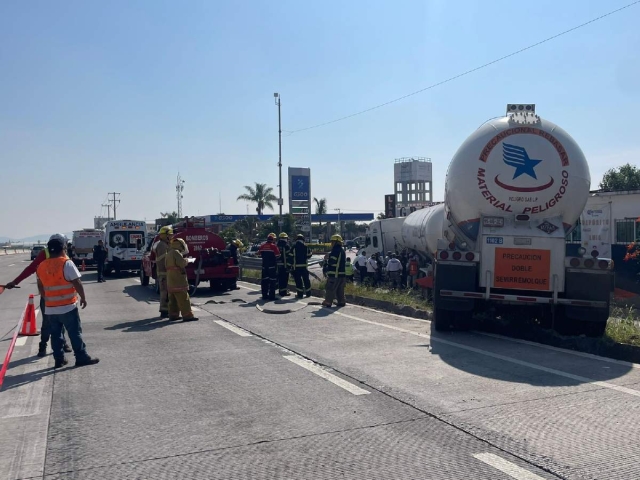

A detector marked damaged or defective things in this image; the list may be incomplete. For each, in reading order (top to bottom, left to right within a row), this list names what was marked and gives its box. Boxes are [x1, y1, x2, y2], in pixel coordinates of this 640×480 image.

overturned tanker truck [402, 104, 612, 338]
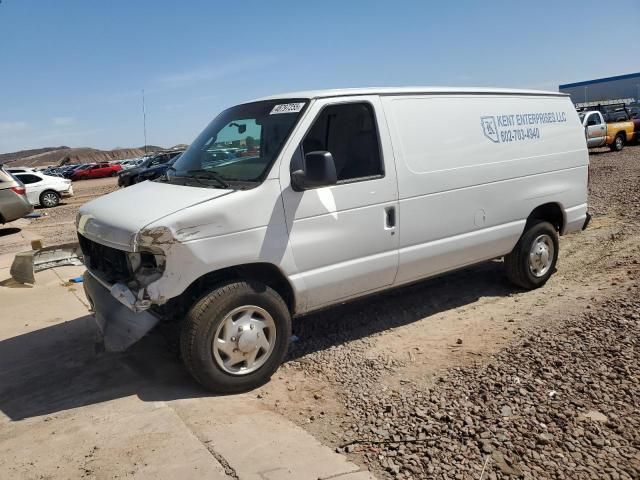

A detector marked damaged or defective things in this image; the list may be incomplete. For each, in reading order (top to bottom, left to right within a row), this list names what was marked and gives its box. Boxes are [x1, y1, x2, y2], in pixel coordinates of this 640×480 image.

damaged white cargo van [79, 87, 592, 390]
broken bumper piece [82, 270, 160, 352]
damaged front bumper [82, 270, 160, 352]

════════════════════

Apart from the images, everything in the records must be repeated exactly.

A detector marked damaged or defective things in this image; the list may be incomplete. For each, in reading order (top to bottom, left to right within a row), this list names what was marked and gives its box. Boxes are [x1, y1, x2, y2], in pixel coordinates of this 640×480 image.

overturned tanker truck [402, 104, 612, 338]

A detector marked damaged or defective things in this image; the list may be incomplete. For each, in reading order (top to bottom, left to right within a row), this list names what was marked and gives its box. Boxes are [x1, y1, x2, y2], in pixel coordinates of this 640×480 image.

damaged white cargo van [79, 87, 592, 390]
broken bumper piece [82, 270, 160, 352]
damaged front bumper [82, 270, 160, 352]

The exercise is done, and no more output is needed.